For point C (6,000 rpm, 3 mm), the milling process is unstable only when cutting with cutter 2, as shown in Fig. 14b. The chatter frequency of cutter 2 is 1267 Hz, which is near its natural frequency. Figure 14a and c show that the tooth passing frequency are dominating in the spectrum analysis. The whole milling process is stable by using cutters 1 and 3. The results shown in Fig. 15a–c manifest that the surface quality processed by cutter 2 is lower than those of the other two cutters. Moreover, the finish surfaces of the workpiece processed by cutter 2 have a vibration trace and poor surface finish.

For point D (7,200 rpm, 3 mm), the milling process is unstable only when cutter 1 is used (Fig. 16a). The chatter frequency of cutter 1 is 1275 Hz, which is near its natural frequency. The milling process is stable when cutters 2 and 3 are used (Fig. 16b and c). The surface quality processed by cutter 1 is lower than those of the other two cutters, and the finish surfaces of the workpiece processed by this cutter have a vibration trace and poor surface finish (Fig. 17a–c).

The SLDs in Fig. 9 show that for point E (5,700 rpm, 4 mm), the stable cutting depths of the three cutters are 4 mm at 5700 rpm.
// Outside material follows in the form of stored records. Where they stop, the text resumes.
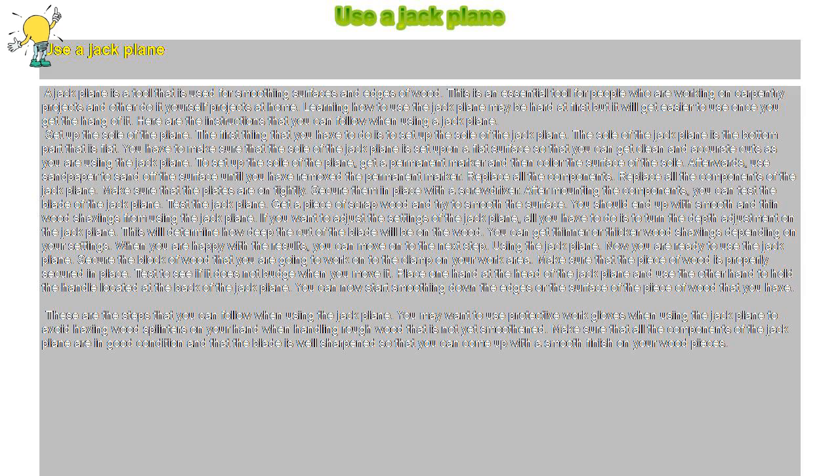Set up the sole of the plane. The first thing that you have to do is to set up the sole of the jack plane. The sole of the jack plane is the bottom part that is flat. You have to make sure that the sole of the jack plane is set upon a flat surface so that you can get clean and accurate cuts as you are using the jack plane.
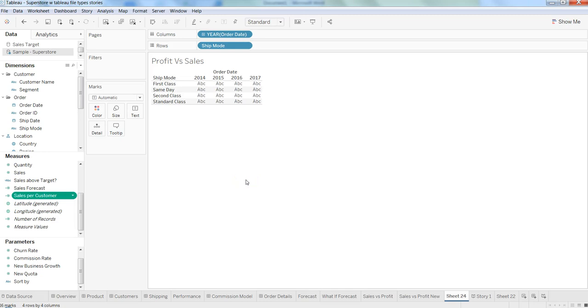Hi there, this is Abhishek and in this video I will talk about how you can create a calculated field within Tableau.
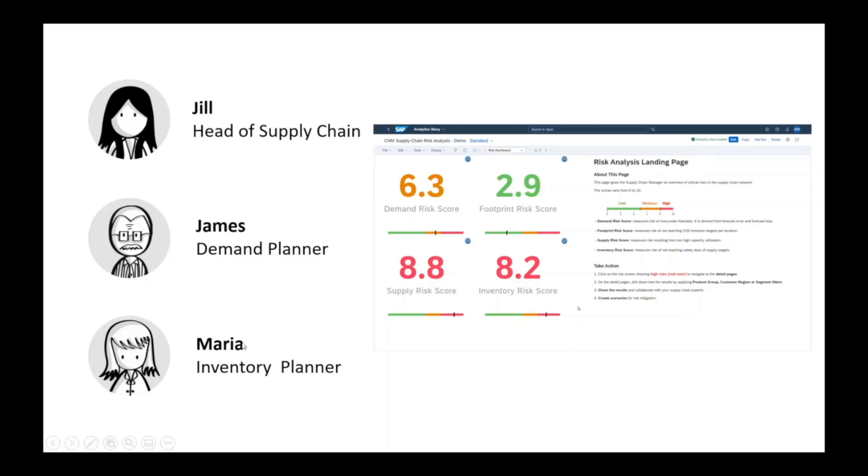Jill, as the head of supply chain, is responsible for all planning activities along the value chain. In her team, she is working with James, the demand planner, and Maria, the inventory planner.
The milling process is stable using the three cutters. However, the point close to the SLDs may be inaccurate because the milling parameters, including cutting force coefficients and modal parameters are insufficiently accurate.

The comparison and analysis of the experimental results verify that the optimized variable helix cutter can suppress chatter, which further proves the feasibility and effectiveness of the cutter optimization method proposed in this study.

5 Conclusions

A stability model of variable helix milling is established by improving the SDM method. An optimization method of a variable helix cutter is proposed using SFs, which is a new index. The optimal combination of the pitch and helix angles is selected by an optimization algorithm in a given cutting parameter region to maximize absolute stability. The optimal variable helix cutter is customized. The cutting force coefficients and modal parameters of the variable helix cutter are obtained via cutting experiments and impact tests. A series of cutting comparison experiments are also performed. The experimental results show that the optimized variable helix cutter has a large absolute stability region, which verifies the accuracy of the stability model and the effectiveness of the optimization method.